Immunohistochemical (IHC) staining
IHC staining was performed to examine AGE levels in tissue as previously published [4]. IHC scores were calculated using the formula: intensity X % positive tumor cells. Intensity staining was scored as follows: 1—weak, 2—intermediate, 3—strong, and 4—very strong.

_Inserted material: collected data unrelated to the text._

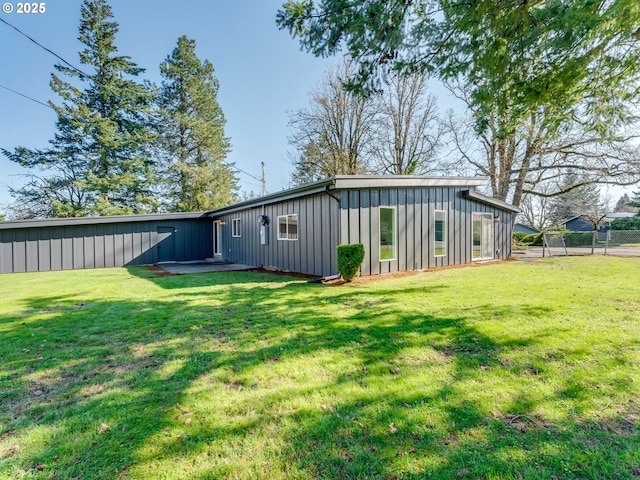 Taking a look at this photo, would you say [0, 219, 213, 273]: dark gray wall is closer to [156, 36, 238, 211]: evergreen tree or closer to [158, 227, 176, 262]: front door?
[158, 227, 176, 262]: front door

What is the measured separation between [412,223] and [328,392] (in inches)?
290

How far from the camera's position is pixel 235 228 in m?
13.6

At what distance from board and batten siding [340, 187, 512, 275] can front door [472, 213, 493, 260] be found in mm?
231

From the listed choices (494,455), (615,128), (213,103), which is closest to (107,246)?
(213,103)

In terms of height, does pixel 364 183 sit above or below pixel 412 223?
above

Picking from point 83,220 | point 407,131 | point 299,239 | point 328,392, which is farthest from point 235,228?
point 328,392

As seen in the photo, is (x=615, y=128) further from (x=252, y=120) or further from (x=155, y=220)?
(x=252, y=120)

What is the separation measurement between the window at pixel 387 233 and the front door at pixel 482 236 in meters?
4.06

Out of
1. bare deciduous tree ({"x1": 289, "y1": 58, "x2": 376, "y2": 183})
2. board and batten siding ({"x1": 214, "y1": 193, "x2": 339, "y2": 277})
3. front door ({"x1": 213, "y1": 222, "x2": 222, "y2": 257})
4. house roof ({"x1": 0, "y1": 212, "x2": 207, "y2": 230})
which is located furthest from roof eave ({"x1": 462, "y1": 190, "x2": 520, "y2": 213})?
house roof ({"x1": 0, "y1": 212, "x2": 207, "y2": 230})

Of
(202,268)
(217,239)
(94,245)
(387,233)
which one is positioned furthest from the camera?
(217,239)

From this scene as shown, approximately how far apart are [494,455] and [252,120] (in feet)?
70.3

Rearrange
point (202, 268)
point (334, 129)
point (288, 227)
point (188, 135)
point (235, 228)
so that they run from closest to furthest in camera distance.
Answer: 1. point (288, 227)
2. point (202, 268)
3. point (235, 228)
4. point (334, 129)
5. point (188, 135)

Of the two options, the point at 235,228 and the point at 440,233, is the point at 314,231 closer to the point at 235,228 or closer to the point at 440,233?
the point at 440,233

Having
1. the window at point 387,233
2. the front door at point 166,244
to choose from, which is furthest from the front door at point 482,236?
the front door at point 166,244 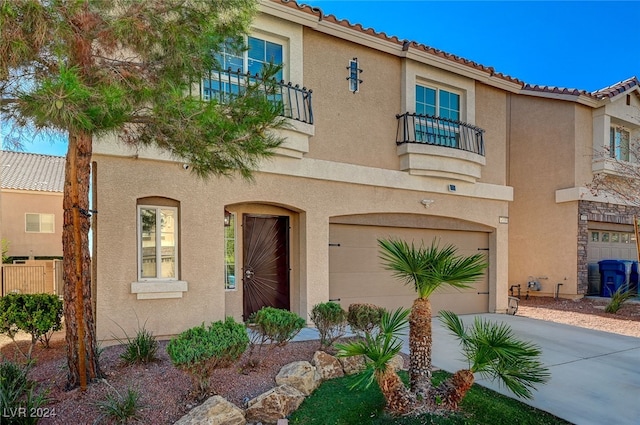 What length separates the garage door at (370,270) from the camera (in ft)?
→ 31.9

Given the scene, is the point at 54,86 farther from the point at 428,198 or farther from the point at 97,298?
the point at 428,198

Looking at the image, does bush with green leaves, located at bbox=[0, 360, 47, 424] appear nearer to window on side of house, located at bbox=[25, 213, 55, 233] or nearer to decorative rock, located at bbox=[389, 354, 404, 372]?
decorative rock, located at bbox=[389, 354, 404, 372]

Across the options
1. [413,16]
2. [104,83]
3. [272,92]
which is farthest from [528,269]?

Percent positive tumor cells were scored as follows: 1—less than 10%, 2—10–30%, 3—30–60%, and 4—60–100% positive cells by a pathologist.
AGE ELISA
To examine the levels of AGEs in serum, 96-well format Oxi-select ELISA’s (Cell Biolabs, San Diego, CA) were used as directed by the manufacturer. All samples were normalized to total protein concentration [4].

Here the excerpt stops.